» **What to produce**:
Please write the following entries out once more, exactly.

» **Data supplied**:
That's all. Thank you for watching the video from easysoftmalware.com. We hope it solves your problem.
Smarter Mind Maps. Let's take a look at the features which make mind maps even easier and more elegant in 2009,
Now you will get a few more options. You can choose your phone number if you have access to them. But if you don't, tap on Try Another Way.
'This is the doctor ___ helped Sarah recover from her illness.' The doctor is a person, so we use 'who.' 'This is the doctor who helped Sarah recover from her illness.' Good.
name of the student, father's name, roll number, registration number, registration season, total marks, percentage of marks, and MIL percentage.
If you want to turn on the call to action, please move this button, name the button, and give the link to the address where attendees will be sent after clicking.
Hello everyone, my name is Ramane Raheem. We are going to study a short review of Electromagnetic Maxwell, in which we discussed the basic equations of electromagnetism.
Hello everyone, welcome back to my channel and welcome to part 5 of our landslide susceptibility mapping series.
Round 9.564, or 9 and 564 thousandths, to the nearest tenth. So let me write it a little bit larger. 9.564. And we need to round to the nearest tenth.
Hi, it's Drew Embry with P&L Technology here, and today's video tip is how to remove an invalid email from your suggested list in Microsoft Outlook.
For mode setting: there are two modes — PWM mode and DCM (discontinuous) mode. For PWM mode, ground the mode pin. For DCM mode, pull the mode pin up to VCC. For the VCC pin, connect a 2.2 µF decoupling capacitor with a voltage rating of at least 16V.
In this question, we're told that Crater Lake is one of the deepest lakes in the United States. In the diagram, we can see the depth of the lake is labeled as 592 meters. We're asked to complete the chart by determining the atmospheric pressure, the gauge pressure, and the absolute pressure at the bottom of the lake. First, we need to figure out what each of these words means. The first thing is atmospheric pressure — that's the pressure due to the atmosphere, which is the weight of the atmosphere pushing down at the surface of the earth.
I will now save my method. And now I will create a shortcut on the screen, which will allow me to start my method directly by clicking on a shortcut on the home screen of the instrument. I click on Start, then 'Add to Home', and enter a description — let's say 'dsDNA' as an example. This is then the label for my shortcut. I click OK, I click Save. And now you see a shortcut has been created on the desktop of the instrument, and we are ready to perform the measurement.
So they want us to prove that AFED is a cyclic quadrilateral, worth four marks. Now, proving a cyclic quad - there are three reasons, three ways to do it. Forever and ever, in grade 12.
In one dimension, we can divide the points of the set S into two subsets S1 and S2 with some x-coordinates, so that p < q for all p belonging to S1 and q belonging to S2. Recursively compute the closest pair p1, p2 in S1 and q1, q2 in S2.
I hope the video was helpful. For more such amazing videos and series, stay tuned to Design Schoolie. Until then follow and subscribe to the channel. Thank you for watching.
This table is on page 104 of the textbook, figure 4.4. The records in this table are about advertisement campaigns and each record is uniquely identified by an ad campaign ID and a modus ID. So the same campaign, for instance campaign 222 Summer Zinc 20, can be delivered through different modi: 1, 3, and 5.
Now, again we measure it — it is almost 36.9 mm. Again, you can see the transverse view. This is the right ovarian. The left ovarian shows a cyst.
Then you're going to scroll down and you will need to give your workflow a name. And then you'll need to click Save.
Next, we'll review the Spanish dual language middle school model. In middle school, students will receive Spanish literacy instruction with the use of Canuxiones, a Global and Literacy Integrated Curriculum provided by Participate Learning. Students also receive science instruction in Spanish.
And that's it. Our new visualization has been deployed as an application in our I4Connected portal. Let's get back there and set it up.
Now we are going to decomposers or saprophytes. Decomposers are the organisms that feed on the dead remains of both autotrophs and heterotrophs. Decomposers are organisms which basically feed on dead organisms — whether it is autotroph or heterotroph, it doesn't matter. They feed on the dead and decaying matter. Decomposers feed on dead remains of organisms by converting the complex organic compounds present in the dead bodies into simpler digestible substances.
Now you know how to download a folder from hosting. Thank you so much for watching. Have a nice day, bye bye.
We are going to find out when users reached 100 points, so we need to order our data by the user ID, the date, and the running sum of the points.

» **Completed exercise**:
That's all. Thank you for watching the video from easysoftmalware.com. We hope it solves your problem.
Smarter Mind Maps. Let's take a look at the features which make mind maps even easier and more elegant in 2009,
Now you will get a few more options. You can choose your phone number if you have access to them. But if you don't, tap on Try Another Way.
'This is the doctor ___ helped Sarah recover from her illness.' The doctor is a person, so we use 'who.' 'This is the doctor who helped Sarah recover from her illness.' Good.
name of the student, father's name, roll number, registration number, registration season, total marks, percentage of marks, and MIL percentage.
If you want to turn on the call to action, please move this button, name the button, and give the link to the address where attendees will be sent after clicking.
Hello everyone, my name is Ramane Raheem. We are going to study a short review of Electromagnetic Maxwell, in which we discussed the basic equations of electromagnetism.
Hello everyone, welcome back to my channel and welcome to part 5 of our landslide susceptibility mapping series.
Round 9.564, or 9 and 564 thousandths, to the nearest tenth. So let me write it a little bit larger. 9.564. And we need to round to the nearest tenth.
Hi, it's Drew Embry with P&L Technology here, and today's video tip is how to remove an invalid email from your suggested list in Microsoft Outlook.
For mode setting: there are two modes — PWM mode and DCM (discontinuous) mode. For PWM mode, ground the mode pin. For DCM mode, pull the mode pin up to VCC. For the VCC pin, connect a 2.2 µF decoupling capacitor with a voltage rating of at least 16V.
In this question, we're told that Crater Lake is one of the deepest lakes in the United States. In the diagram, we can see the depth of the lake is labeled as 592 meters. We're asked to complete the chart by determining the atmospheric pressure, the gauge pressure, and the absolute pressure at the bottom of the lake. First, we need to figure out what each of these words means. The first thing is atmospheric pressure — that's the pressure due to the atmosphere, which is the weight of the atmosphere pushing down at the surface of the earth.
I will now save my method. And now I will create a shortcut on the screen, which will allow me to start my method directly by clicking on a shortcut on the home screen of the instrument. I click on Start, then 'Add to Home', and enter a description — let's say 'dsDNA' as an example. This is then the label for my shortcut. I click OK, I click Save. And now you see a shortcut has been created on the desktop of the instrument, and we are ready to perform the measurement.
So they want us to prove that AFED is a cyclic quadrilateral, worth four marks. Now, proving a cyclic quad - there are three reasons, three ways to do it. Forever and ever, in grade 12.
In one dimension, we can divide the points of the set S into two subsets S1 and S2 with some x-coordinates, so that p < q for all p belonging to S1 and q belonging to S2. Recursively compute the closest pair p1, p2 in S1 and q1, q2 in S2.
I hope the video was helpful. For more such amazing videos and series, stay tuned to Design Schoolie. Until then follow and subscribe to the channel. Thank you for watching.
This table is on page 104 of the textbook, figure 4.4. The records in this table are about advertisement campaigns and each record is uniquely identified by an ad campaign ID and a modus ID. So the same campaign, for instance campaign 222 Summer Zinc 20, can be delivered through different modi: 1, 3, and 5.
Now, again we measure it — it is almost 36.9 mm. Again, you can see the transverse view. This is the right ovarian. The left ovarian shows a cyst.
Then you're going to scroll down and you will need to give your workflow a name. And then you'll need to click Save.
Next, we'll review the Spanish dual language middle school model. In middle school, students will receive Spanish literacy instruction with the use of Canuxiones, a Global and Literacy Integrated Curriculum provided by Participate Learning. Students also receive science instruction in Spanish.
And that's it. Our new visualization has been deployed as an application in our I4Connected portal. Let's get back there and set it up.
Now we are going to decomposers or saprophytes. Decomposers are the organisms that feed on the dead remains of both autotrophs and heterotrophs. Decomposers are organisms which basically feed on dead organisms — whether it is autotroph or heterotroph, it doesn't matter. They feed on the dead and decaying matter. Decomposers feed on dead remains of organisms by converting the complex organic compounds present in the dead bodies into simpler digestible substances.
Now you know how to download a folder from hosting. Thank you so much for watching. Have a nice day, bye bye.
We are going to find out when users reached 100 points, so we need to order our data by the user ID, the date, and the running sum of the points.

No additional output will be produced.